# WORK REQUIRED
Word for word, restate every line from the one with "MIN-Table Basse Design" through the end of the records below, both included, and add nothing.

MATERIAL FOR THE TASK Block Start

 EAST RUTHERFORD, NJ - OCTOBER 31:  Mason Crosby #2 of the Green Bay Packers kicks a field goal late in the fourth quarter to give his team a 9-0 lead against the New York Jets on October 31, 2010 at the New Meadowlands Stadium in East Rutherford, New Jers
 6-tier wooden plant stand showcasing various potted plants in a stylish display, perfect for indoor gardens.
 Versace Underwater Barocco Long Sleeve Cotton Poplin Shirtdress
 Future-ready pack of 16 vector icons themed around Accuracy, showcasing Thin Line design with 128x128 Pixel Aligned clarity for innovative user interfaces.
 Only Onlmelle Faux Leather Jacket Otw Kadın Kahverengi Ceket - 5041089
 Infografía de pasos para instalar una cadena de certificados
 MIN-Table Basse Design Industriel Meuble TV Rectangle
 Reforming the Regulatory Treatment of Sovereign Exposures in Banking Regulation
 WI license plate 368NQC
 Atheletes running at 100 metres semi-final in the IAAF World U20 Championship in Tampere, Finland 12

MATERIAL FOR THE TASK Block End

# OUTPUT
 MIN-Table Basse Design Industriel Meuble TV Rectangle
 Reforming the Regulatory Treatment of Sovereign Exposures in Banking Regulation
 WI license plate 368NQC
 Atheletes running at 100 metres semi-final in the IAAF World U20 Championship in Tampere, Finland 12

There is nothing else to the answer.